A caution in interpreting function logos: although there is a correction for sample size (which reduces the size of the overall stack if the total number of sequences carrying a feature is small), the logo can show associations that only pertain to some, but not necessarily all, of the sequences in a functional class. So long as the absolute number of sequences carrying a structural idiosyncrasy is large enough and tends to associate with particular classes, it will be visible in the function logo. Thus, as in all methods for data exploration, an investigator using function logos should follow up interesting signals by closely examining the raw data, and—ultimately—by experiments. There are at least two examples of such idiosyncrasies in Figure 1. One example revealed an exceptional subset of tRNAs in the MSDB, known to the literature but which we had previously not been aware of. On the basis of what is known about them, their structural idiosyncrasies probably do not affect their charging identity, but likely completely disrupt their competence for translational elongation. In another example, we have found a subset of tRNAs that have recently diverged in an otherwise highly conserved tRNA structure, which appears in two bacterial lineages and is conserved in one of them. Unlike the first example, the second example appears unknown to the literature and is a candidate for a derived identity determinant.
The first example concerns gap18 and gap19 in the D-loop and G55 in the T-loop, all apparently associated with Gly identity. In fact, only five or six tRNAGly or tDNAGly (of 45) carry these characters. Five sequences, three tDNAs and two tRNA sequences, carry all three characters, and one tDNA carries only G55. These positions are highly conserved in other tRNAs which normally carry G18 pairing with pseudouridine at position 55 and G19 pairing with C56, all to stabilize the loop–loop interaction responsible for the core fold of tRNAs.

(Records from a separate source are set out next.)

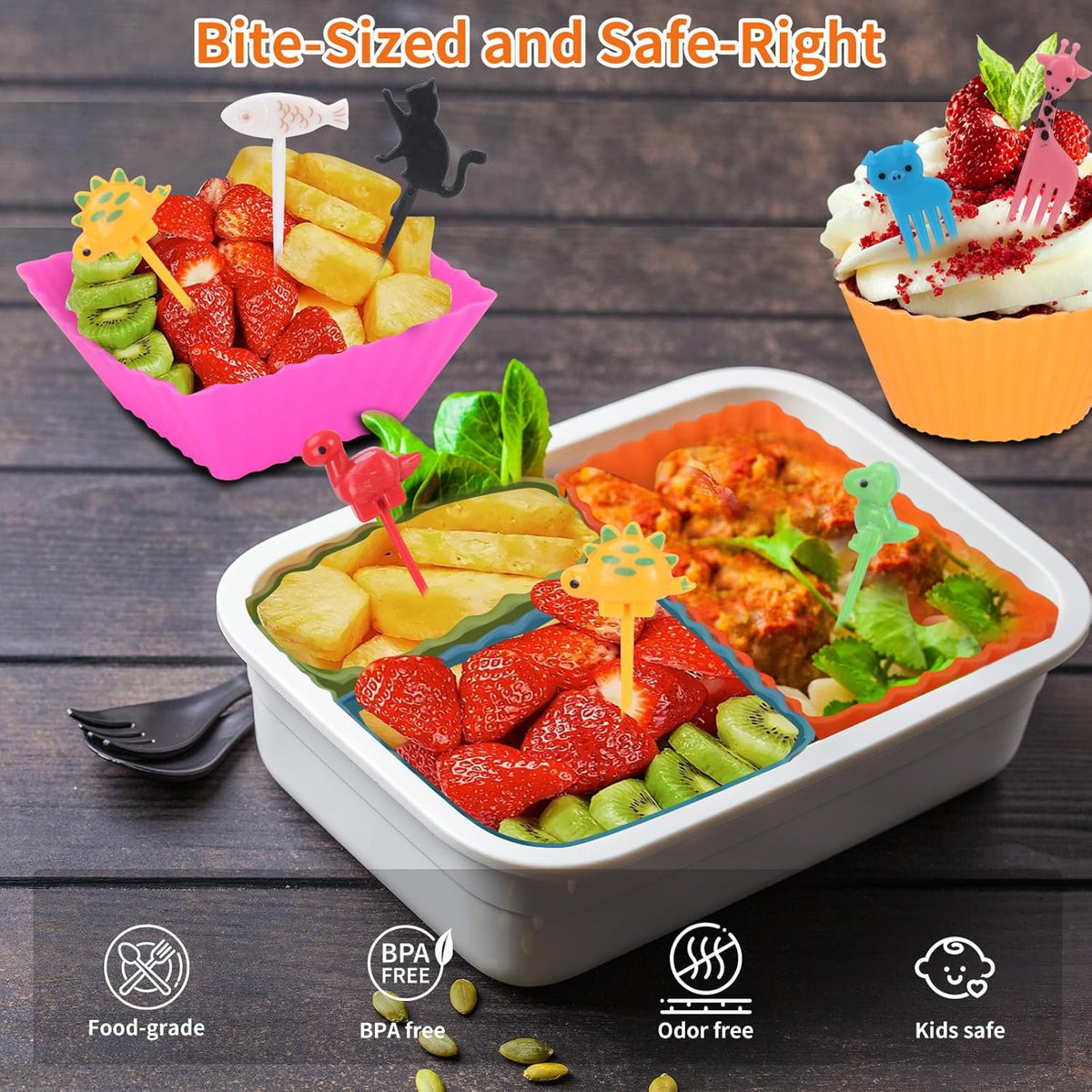 60PCS Silicone Lunch Box Dividers, Heavy-Duty Silicone Cupcake Liners for Muffin Cups, Reusable Kids' Lunch/Bento Box Accessories Set with Animal Forks, Food-Grade, BPA Free(20 Liners + 40 Picks)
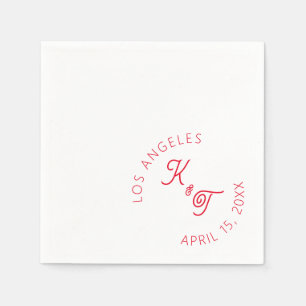Guardanapo De Papel Casamento Vermelho moderno Cocktail Napkin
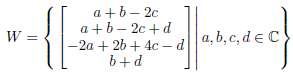 Find a basis for the subspace W of C4,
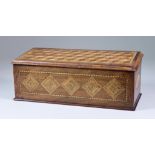 An Inlaid Rectangular Box, Early 19th Century, with parquetry to the moulded top and front, shell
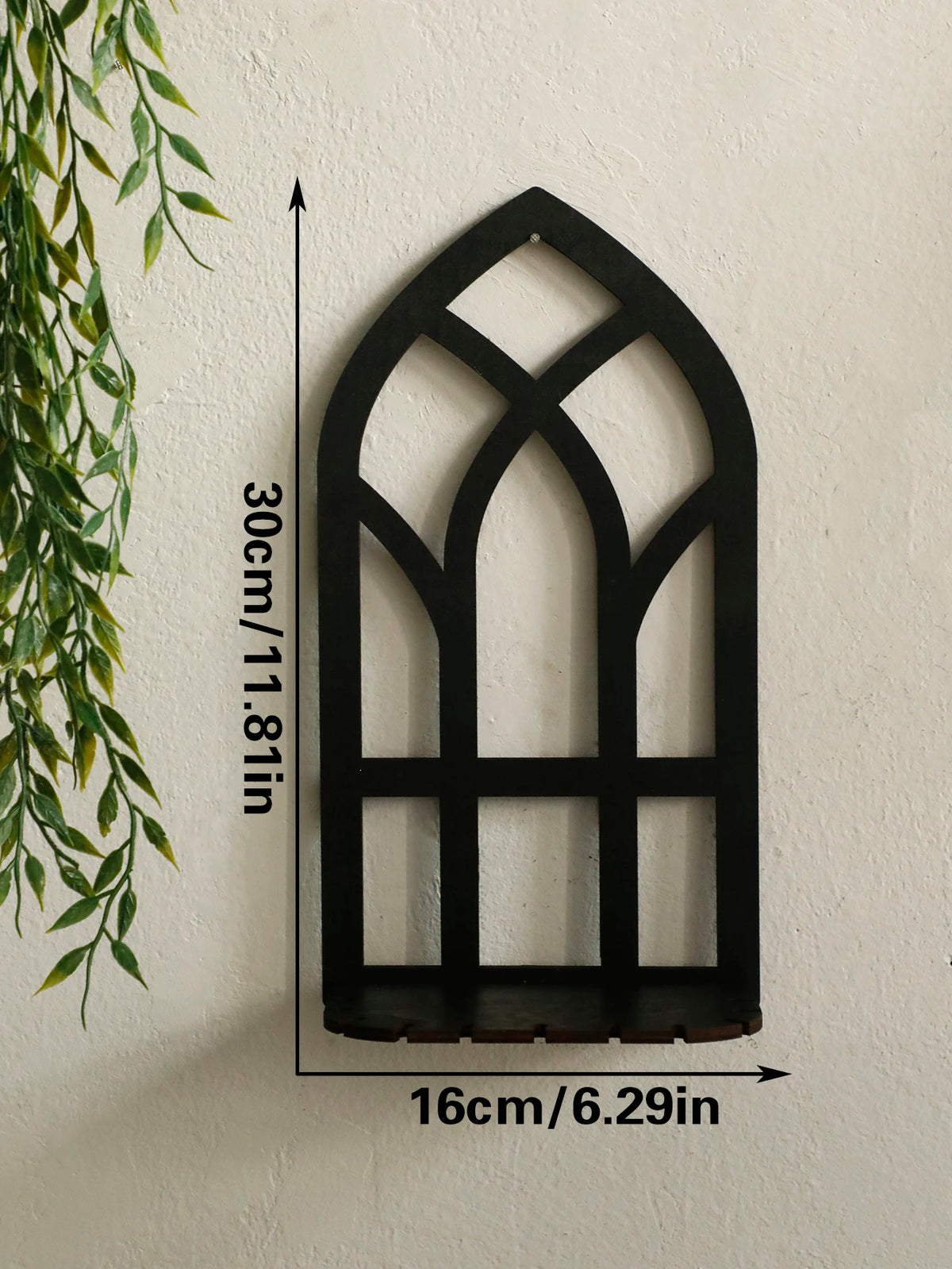 Gothic Wooden Hollow Wall Decoration Black Wall Hanging Home Decor Floating Shelves Vintage Door Frame Rustic Spooky Decorative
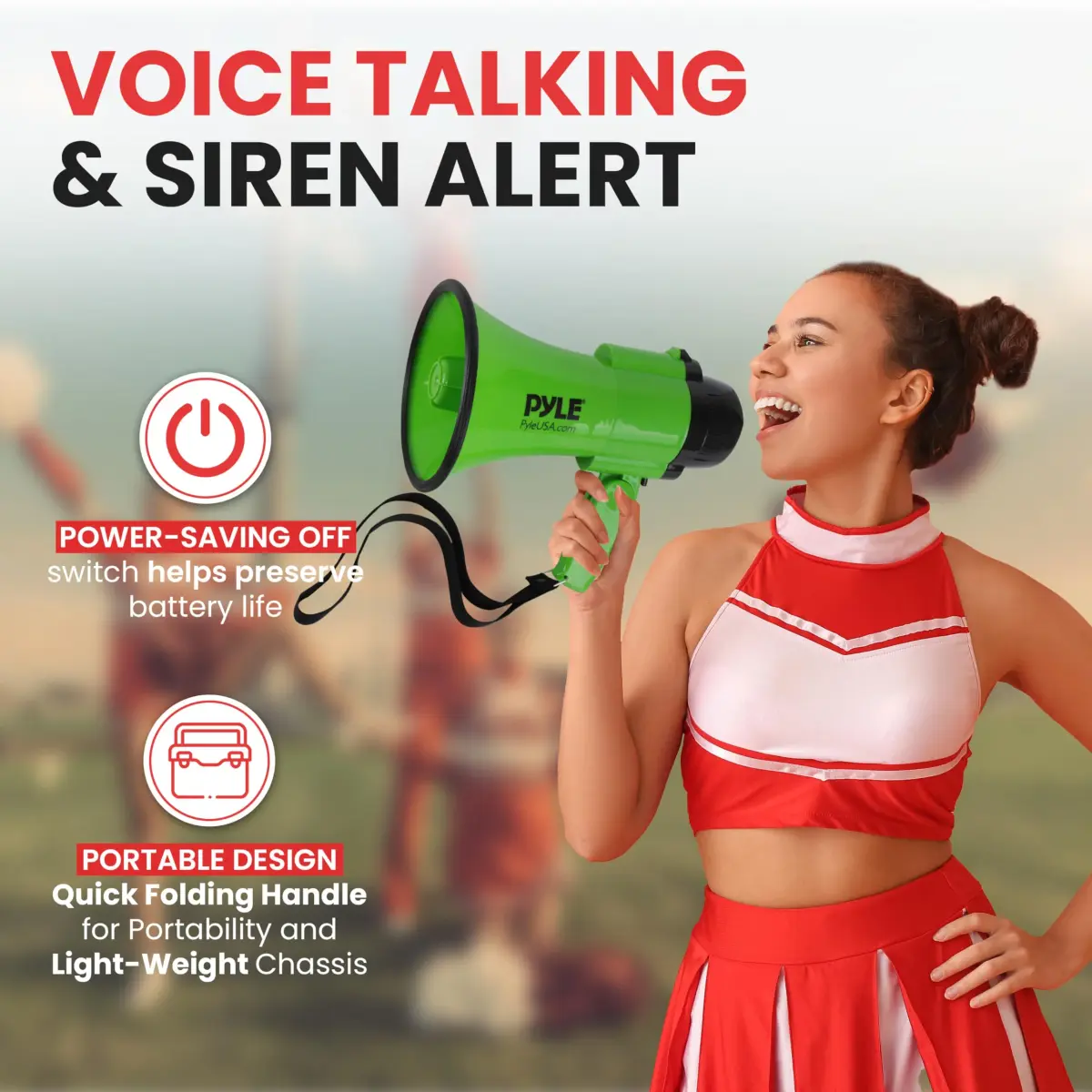 Pyle Compact Battery-Operated Megaphone with Siren - 30W Power, 25cm (10") | Green Bullhorn for Cheerleading & Police Use - view 2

The three tDNAs with all three characters come from Staphylococcus aureus which are thought, because of sequence similarities to the two tRNAs in our dataset from S.epidermis (25) and by other evidence, to be involved in peptidoglycan synthesis of the cell wall and not involved in peptide synthesis (26). These authors note the unusual G55 character but not the absence of G18 and G19 plainly visible in Figure 1. An additional tRNA in the MSDB carries G55, from Streptomyces lividans but carries the normal G18 and G19. Similar to this example is the apparent association of gap1 with E and L identity. Two of 23 tDNAGlu and two of 63 tDNALeu are the only four sequences in the whole dataset missing a base in this position in the MSDB. Although gap1 is infrequent even among the E and L classes, they are the only classes in the dataset with this property, and so they are over-represented. Thus, function logos are useful for screening structural idiosyncrasies belonging to particular classes of sequences, but caution must be taken in interpreting them.
The second example again concerns only a small part of the available data but nonetheless shows that function logos can yield interesting predictions of novel candidates for derived identity determinants. This concerns the association of C14 with Trp (Figure 1). Although this association concerns only two tDNATrp from Borrelia burgdorfori (27) and Helicobacter pylori (28), their presence is highly interesting as it comes at a nearly universally conserved place in tRNAs, namely the highly conserved U8:A14 base pair that stabilizes the core tRNA structural fold. We confirmed the presence of this highly unusual C14 feature in the respective genome sequences and found it to be additionally conserved in another sequenced H.pylori strain as well as in the related ε-proteobacterial species Campylobacter jejuni. In contrast with A14, U8 is conserved in these unusual tRNAs. This unusual feature was also noticed in a manual comparative screen of genomic tDNAs (29). We suggest that this feature should be examined as a potential Trp identity determinant in these species.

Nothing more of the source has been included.